> _Data excerpt_:
-=-=-=-=-

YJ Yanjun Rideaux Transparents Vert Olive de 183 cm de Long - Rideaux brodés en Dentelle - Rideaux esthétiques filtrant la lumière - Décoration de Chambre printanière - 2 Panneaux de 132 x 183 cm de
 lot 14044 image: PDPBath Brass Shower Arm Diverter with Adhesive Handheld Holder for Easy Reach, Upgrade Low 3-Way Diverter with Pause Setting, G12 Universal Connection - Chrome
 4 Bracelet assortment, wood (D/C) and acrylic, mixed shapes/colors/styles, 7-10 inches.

-=-=-=-=-

> _What the task requires_: Return the full material exactly.

> _The completed task_:
YJ Yanjun Rideaux Transparents Vert Olive de 183 cm de Long - Rideaux brodés en Dentelle - Rideaux esthétiques filtrant la lumière - Décoration de Chambre printanière - 2 Panneaux de 132 x 183 cm de
 lot 14044 image: PDPBath Brass Shower Arm Diverter with Adhesive Handheld Holder for Easy Reach, Upgrade Low 3-Way Diverter with Pause Setting, G12 Universal Connection - Chrome
 4 Bracelet assortment, wood (D/C) and acrylic, mixed shapes/colors/styles, 7-10 inches.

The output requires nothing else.